4.4.2. Nemenyi Post Hoc Test

In the Nemenyi post hoc test, the performance of two models is considered to be significantly different if the average rank value $R_{ave}^j$ of the two models is greater than or equal to the criterion distance $(CD=q_{\alpha }\sqrt{\frac{K\left(K+1\right)}{6N}})$, where the critical value $q_{\alpha }$ obeys the Tukey distribution.
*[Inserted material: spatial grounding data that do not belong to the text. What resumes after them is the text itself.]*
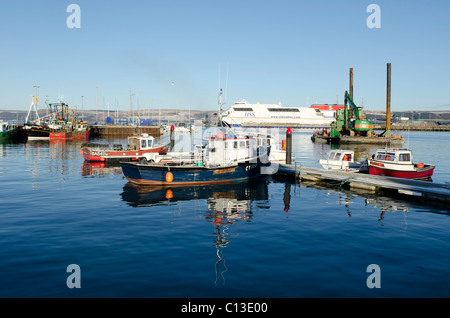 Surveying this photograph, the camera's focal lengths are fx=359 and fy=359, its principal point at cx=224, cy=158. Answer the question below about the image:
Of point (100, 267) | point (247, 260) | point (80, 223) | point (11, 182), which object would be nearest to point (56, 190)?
point (11, 182)

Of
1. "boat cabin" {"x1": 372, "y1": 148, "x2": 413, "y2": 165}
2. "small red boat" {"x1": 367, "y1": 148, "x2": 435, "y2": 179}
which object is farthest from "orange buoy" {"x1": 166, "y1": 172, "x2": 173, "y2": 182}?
"boat cabin" {"x1": 372, "y1": 148, "x2": 413, "y2": 165}

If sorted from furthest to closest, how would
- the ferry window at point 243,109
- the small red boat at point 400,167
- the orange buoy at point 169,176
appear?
1. the ferry window at point 243,109
2. the small red boat at point 400,167
3. the orange buoy at point 169,176

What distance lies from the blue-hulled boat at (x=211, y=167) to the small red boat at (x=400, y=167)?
10.6 metres

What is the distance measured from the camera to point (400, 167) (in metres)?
30.7

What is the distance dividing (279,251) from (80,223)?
10.4 meters

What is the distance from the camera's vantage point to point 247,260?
44.1ft

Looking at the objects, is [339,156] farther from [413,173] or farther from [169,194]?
[169,194]

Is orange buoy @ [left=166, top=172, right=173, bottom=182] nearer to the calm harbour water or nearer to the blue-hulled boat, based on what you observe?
the blue-hulled boat

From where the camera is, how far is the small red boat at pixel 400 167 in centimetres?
3037

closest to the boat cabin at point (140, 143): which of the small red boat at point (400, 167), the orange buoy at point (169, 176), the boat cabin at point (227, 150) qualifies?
the boat cabin at point (227, 150)

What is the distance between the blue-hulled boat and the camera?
28766mm

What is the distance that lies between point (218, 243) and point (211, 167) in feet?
46.9

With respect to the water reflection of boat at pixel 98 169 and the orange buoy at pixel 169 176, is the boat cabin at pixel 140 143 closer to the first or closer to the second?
the water reflection of boat at pixel 98 169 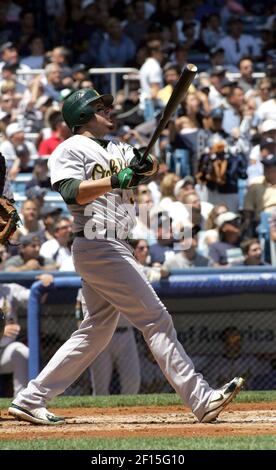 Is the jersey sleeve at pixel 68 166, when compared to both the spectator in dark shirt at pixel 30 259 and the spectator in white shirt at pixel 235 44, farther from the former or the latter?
the spectator in white shirt at pixel 235 44

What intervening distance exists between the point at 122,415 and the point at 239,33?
415 inches

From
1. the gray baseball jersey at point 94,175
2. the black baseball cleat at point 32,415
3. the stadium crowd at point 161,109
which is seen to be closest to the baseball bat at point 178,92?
the gray baseball jersey at point 94,175

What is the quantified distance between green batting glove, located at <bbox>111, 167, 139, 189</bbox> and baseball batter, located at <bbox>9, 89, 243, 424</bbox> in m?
0.02

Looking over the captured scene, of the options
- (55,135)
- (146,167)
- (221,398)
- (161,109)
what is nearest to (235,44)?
(161,109)

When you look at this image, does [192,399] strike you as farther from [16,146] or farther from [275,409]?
[16,146]

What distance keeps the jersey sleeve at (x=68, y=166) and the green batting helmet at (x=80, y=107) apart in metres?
0.30

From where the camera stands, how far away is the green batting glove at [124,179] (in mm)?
6301

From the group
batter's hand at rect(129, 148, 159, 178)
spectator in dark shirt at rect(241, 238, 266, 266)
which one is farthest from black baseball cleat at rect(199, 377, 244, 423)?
spectator in dark shirt at rect(241, 238, 266, 266)

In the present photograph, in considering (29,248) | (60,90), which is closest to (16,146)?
(60,90)

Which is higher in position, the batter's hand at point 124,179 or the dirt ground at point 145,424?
the batter's hand at point 124,179

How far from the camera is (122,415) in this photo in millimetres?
7477

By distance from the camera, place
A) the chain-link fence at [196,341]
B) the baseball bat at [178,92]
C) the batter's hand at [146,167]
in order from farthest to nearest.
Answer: the chain-link fence at [196,341] < the batter's hand at [146,167] < the baseball bat at [178,92]

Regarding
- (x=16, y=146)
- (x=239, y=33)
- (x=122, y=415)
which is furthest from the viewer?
(x=239, y=33)

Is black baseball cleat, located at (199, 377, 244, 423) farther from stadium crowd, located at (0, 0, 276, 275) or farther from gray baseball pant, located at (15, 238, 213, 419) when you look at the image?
stadium crowd, located at (0, 0, 276, 275) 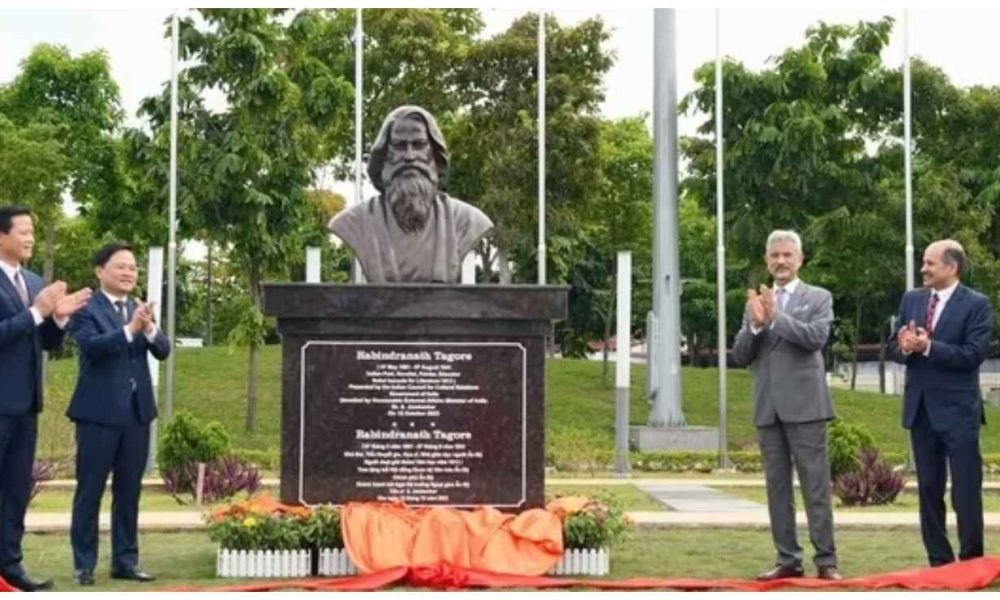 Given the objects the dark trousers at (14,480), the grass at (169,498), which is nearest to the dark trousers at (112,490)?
the dark trousers at (14,480)

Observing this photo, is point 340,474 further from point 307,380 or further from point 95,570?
point 95,570

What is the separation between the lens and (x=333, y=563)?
25.2ft

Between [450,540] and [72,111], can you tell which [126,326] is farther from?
[72,111]

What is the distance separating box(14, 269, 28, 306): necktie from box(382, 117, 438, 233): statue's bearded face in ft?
7.25

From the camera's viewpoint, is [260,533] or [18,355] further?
[260,533]

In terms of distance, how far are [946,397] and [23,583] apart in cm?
481

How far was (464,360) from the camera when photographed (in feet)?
26.9

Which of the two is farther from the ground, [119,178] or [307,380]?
[119,178]

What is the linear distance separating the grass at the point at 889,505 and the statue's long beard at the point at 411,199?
491 cm

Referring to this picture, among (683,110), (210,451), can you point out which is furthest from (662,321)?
(210,451)

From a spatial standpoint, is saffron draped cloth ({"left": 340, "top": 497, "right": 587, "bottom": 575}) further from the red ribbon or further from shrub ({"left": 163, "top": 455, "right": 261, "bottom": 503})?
shrub ({"left": 163, "top": 455, "right": 261, "bottom": 503})

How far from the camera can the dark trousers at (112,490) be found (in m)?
7.55

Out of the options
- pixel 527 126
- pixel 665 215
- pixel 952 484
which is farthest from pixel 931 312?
pixel 527 126

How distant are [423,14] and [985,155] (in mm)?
10653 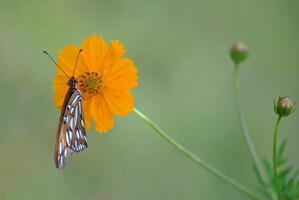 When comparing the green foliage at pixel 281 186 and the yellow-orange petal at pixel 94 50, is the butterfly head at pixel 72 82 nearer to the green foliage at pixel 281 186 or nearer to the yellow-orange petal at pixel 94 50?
the yellow-orange petal at pixel 94 50

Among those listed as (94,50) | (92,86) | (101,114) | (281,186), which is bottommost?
(281,186)

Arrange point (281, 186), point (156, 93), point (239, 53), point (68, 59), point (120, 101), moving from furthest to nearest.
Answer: point (156, 93) < point (239, 53) < point (68, 59) < point (120, 101) < point (281, 186)

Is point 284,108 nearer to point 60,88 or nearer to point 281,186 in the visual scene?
point 281,186

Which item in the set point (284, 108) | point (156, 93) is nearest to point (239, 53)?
point (284, 108)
By checking the table and calculating, $q_{0.05}=3.102$ under the confidence level $\alpha =0.05$, then $CD=4.0047$. It can be seen from Figure 12 that the MCIR-RGAD model is optimal and significantly different from $J_{JH}$ and $J_{JG}$. In addition, $J_{CH}$, $J_{MH}$, and 3 are equivalent, and $J_{MG}$ is equivalent to $J_{CG}$. Namely, the model performance can be ordered as $J_{MCIR-RGAD}>J_{CH}=J_{MH}=$③$>J_{MG}=J_{CG}>$①+③$>J_{JG}>J_{JH}$.
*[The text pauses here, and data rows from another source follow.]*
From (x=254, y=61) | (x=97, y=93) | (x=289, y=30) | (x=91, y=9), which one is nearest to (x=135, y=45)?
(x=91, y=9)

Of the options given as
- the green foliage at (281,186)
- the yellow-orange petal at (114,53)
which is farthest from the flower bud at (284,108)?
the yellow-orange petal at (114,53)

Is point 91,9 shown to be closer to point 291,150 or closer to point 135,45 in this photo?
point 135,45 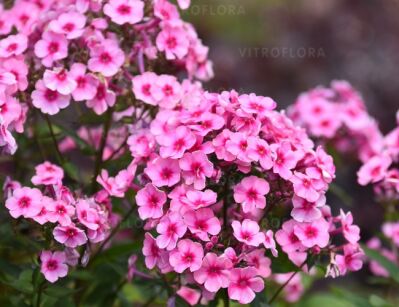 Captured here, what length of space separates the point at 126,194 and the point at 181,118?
0.50 m

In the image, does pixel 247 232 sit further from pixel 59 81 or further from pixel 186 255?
pixel 59 81

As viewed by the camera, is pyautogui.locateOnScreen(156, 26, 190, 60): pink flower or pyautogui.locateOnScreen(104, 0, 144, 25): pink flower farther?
pyautogui.locateOnScreen(156, 26, 190, 60): pink flower

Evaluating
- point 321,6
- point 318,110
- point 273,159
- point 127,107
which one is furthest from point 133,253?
point 321,6

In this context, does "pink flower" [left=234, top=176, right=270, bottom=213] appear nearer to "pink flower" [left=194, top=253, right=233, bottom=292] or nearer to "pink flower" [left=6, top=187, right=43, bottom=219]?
"pink flower" [left=194, top=253, right=233, bottom=292]

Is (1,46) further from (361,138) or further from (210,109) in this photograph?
(361,138)

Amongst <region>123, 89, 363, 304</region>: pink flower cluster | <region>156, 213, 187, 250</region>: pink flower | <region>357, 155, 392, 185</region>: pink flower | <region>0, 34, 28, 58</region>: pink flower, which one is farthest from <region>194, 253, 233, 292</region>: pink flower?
<region>0, 34, 28, 58</region>: pink flower

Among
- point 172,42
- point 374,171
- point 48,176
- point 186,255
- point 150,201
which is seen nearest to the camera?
point 186,255

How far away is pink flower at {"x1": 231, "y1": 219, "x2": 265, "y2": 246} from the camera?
2.32 metres

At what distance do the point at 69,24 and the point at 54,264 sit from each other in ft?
2.83

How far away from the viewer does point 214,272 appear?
7.57 ft

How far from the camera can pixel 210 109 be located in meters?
2.54

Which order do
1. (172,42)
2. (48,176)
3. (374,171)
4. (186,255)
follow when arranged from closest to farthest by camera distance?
(186,255)
(48,176)
(172,42)
(374,171)

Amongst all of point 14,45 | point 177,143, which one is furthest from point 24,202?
point 14,45

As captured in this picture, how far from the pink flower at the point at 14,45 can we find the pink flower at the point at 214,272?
102 cm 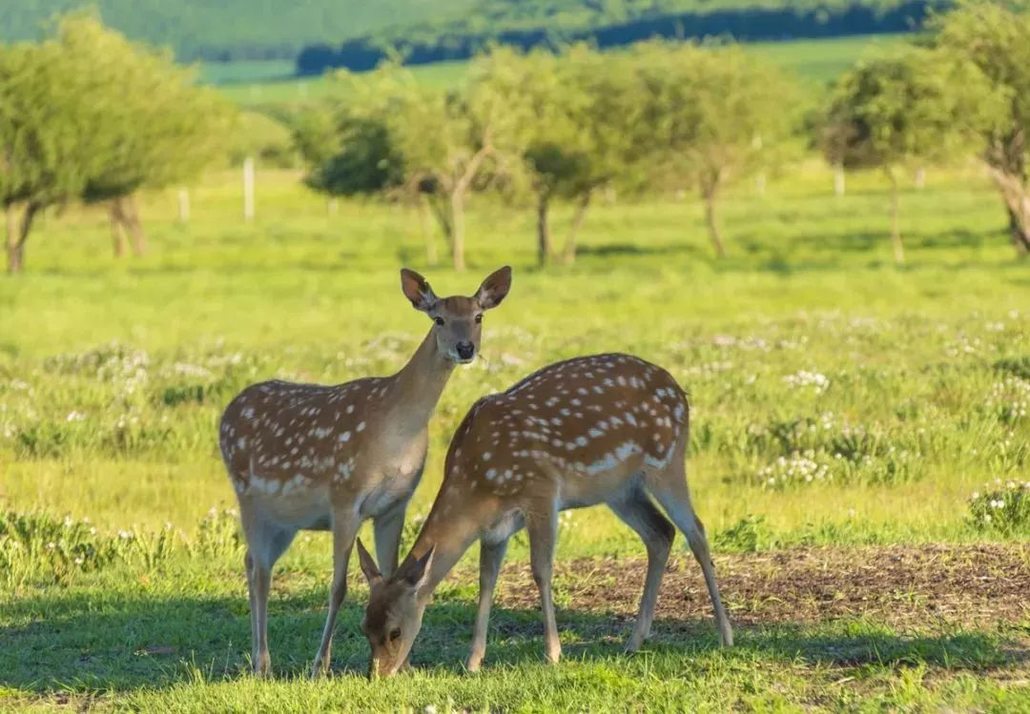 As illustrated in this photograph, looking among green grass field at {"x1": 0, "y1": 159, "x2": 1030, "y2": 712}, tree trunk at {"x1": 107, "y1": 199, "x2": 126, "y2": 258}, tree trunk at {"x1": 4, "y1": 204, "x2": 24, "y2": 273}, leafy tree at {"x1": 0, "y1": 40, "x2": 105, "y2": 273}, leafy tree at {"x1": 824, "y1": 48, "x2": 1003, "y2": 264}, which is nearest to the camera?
green grass field at {"x1": 0, "y1": 159, "x2": 1030, "y2": 712}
Figure 12. Average ranks diagram comparing the benchmark methods in terms of accuracy.

5. Conclusions

It is crucial and time-consuming to obtain anomaly classification information in big data with uncertainty, redundancy, and incompleteness. In this paper, a new attribute reduction algorithm (MCIR) is proposed based on the correlation and independence of the data. Furthermore, considering the consistency of attribute reduction and decision tree in selecting features, this paper combines their advantages and constructs an anomaly detection algorithm called RGAD to tackle incomplete data based on the maximal consistent blocks. The proposed algorithm (MCIR-RGAD) can significantly reduce the computation time and effectively maintain or improve the accuracy. Therefore, facing the problem of anomaly detection, this paper provides an effective solution for the optimization of data quality and the processing of incomplete data.
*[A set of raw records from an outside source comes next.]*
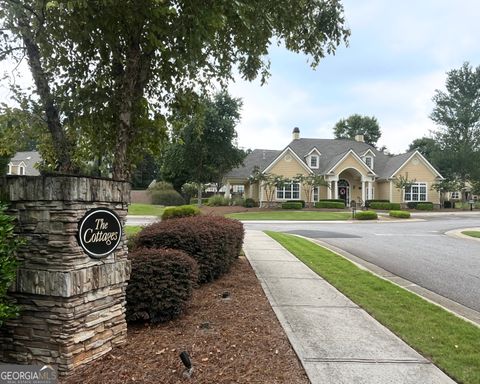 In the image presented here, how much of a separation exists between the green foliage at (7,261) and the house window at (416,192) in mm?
41959

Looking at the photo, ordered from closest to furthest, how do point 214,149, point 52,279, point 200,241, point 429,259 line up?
1. point 52,279
2. point 200,241
3. point 429,259
4. point 214,149

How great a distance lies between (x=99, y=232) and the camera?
3971 mm

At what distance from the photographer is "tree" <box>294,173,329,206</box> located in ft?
121

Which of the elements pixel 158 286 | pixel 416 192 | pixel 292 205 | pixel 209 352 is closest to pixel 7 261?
pixel 158 286

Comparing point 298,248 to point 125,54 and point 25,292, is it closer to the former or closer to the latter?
point 125,54

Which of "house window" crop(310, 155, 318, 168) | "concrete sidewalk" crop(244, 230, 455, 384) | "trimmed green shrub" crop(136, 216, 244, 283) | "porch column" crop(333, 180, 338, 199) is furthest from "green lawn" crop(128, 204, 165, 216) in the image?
"concrete sidewalk" crop(244, 230, 455, 384)

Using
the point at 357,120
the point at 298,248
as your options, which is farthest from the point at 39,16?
the point at 357,120

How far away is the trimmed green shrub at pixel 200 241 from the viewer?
256 inches

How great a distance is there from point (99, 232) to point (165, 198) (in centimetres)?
3931

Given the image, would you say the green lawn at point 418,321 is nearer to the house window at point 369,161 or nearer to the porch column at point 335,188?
the porch column at point 335,188

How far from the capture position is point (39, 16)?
4.54 metres

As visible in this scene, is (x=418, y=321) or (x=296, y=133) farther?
(x=296, y=133)

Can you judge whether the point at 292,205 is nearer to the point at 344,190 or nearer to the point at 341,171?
the point at 341,171

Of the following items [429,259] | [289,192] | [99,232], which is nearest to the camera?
[99,232] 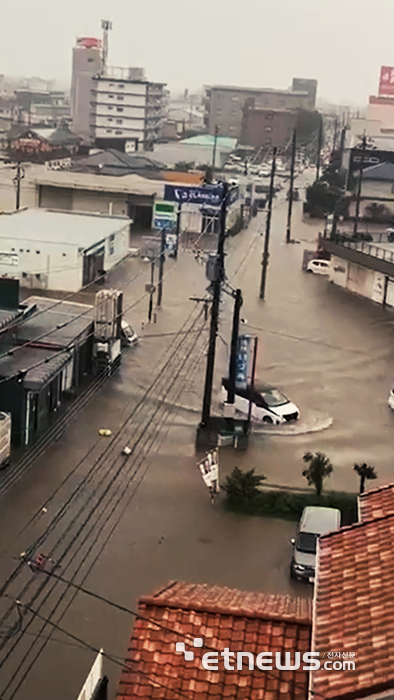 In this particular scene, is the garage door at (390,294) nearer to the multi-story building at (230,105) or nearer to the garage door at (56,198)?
the garage door at (56,198)

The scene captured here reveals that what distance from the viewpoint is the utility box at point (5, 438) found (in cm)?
422

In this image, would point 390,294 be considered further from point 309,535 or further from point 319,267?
point 309,535

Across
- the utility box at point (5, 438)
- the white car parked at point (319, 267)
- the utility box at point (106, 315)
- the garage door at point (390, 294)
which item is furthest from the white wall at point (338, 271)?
the utility box at point (5, 438)

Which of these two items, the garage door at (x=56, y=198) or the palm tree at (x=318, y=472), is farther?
the garage door at (x=56, y=198)

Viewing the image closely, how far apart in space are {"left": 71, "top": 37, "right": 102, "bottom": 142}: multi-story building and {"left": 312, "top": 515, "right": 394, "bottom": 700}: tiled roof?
1163 inches

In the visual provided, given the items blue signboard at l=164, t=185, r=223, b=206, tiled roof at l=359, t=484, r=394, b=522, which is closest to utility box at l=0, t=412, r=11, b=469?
tiled roof at l=359, t=484, r=394, b=522

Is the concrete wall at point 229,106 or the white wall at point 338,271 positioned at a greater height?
the concrete wall at point 229,106

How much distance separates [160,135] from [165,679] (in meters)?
28.7

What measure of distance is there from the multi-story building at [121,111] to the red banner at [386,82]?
8444 mm

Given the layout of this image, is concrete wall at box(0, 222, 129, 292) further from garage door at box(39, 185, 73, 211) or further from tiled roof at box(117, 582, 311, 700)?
tiled roof at box(117, 582, 311, 700)

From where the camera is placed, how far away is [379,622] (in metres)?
1.58

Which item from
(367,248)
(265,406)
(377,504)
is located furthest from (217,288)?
(367,248)

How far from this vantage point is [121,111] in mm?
25438

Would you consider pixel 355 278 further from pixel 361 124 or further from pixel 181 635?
pixel 361 124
In the future, we plan to extend this work in the context of unsupervised learning from the perspective of structural information among objects, using the concept of neighborhood information systems in rough set theory. The extended work will optimize the data quality and reduce the time complexity through attribute reduction methods, improve the detection performance of classification tasks through structural information, and maximize valuable information through incomplete mixed data (both categorical and numerical data). This will provide an effective solution to the research of information theory and rough set theory on anomaly detection problems.